→ **MATERIAL PROVIDED**:

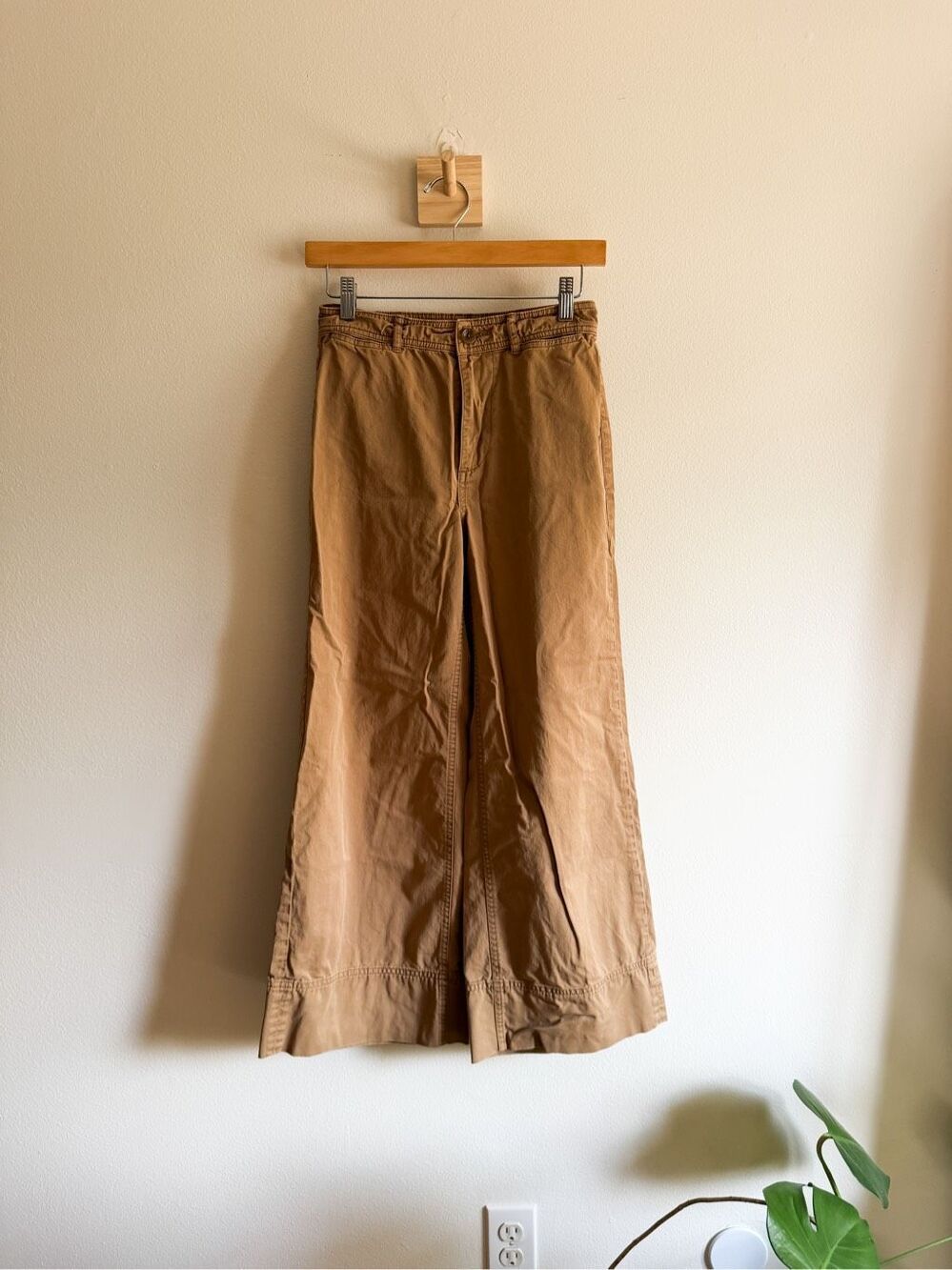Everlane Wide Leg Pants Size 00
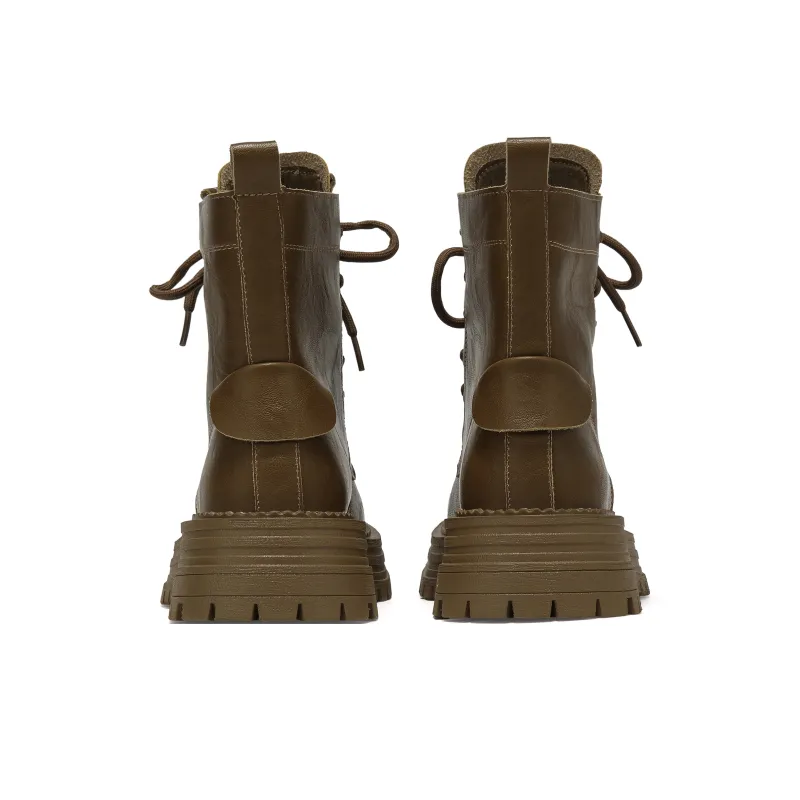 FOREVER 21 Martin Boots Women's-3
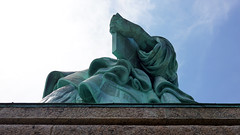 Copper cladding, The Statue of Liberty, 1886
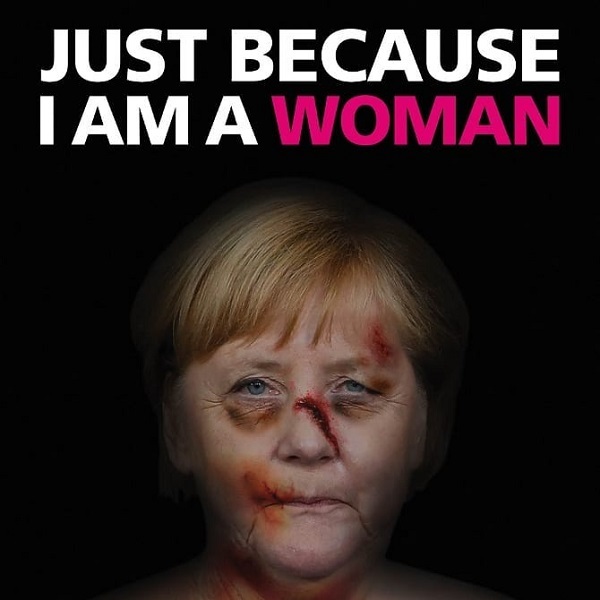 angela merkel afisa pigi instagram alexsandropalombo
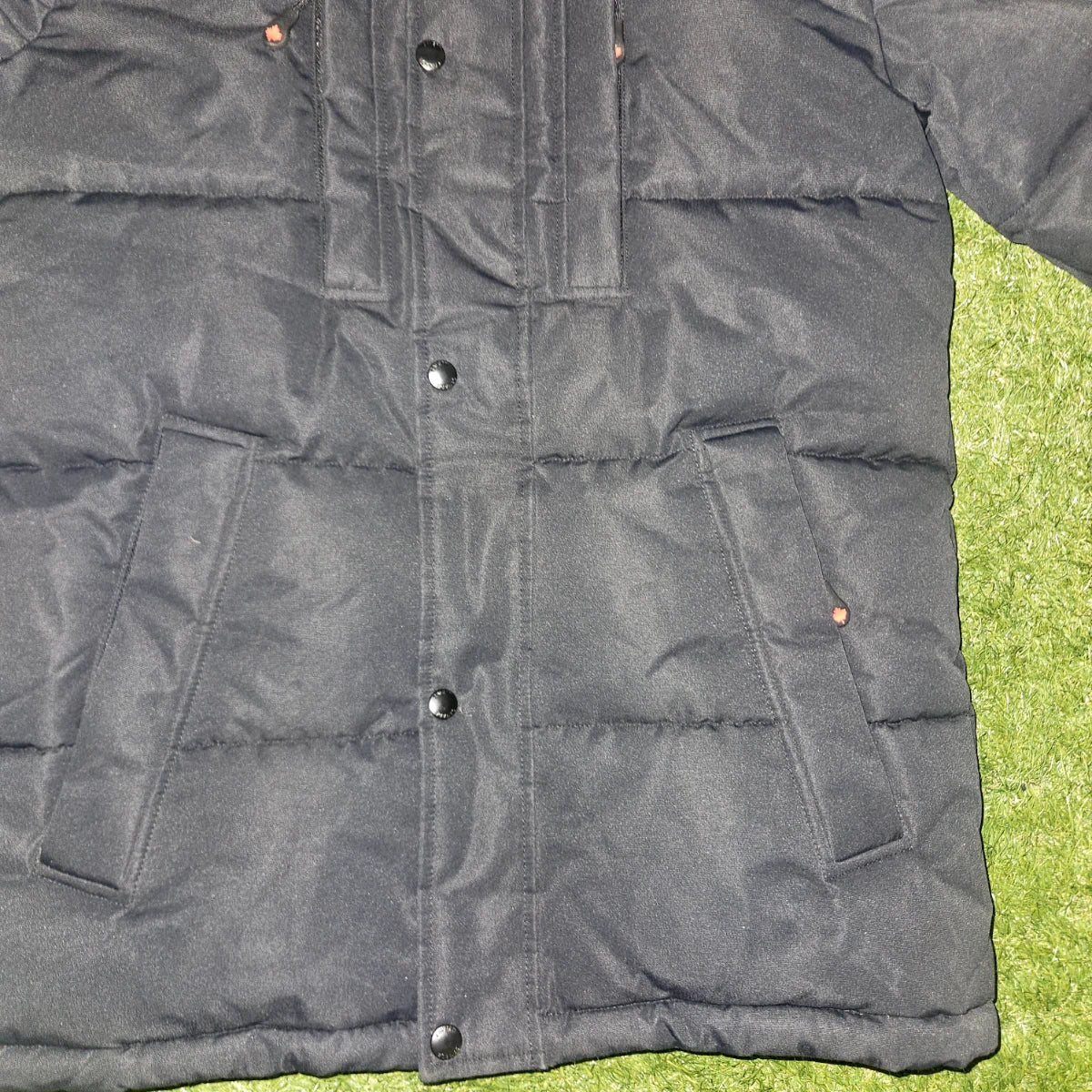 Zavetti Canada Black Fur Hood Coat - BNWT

==

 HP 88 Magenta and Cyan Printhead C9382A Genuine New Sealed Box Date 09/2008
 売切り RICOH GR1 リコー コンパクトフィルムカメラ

→ **YOUR GOAL**:
The lines to set down run from the line with "FOREVER 21 Martin Boots Women's-3" up to and including the line with "Zavetti Canada Black Fur Hood Coat - BNWT" in the entries above. Reproduce them exactly, with no pictures.

→ **ANSWER SECTION**:
 FOREVER 21 Martin Boots Women's-3
 Copper cladding, The Statue of Liberty, 1886
 angela merkel afisa pigi instagram alexsandropalombo
 Zavetti Canada Black Fur Hood Coat - BNWT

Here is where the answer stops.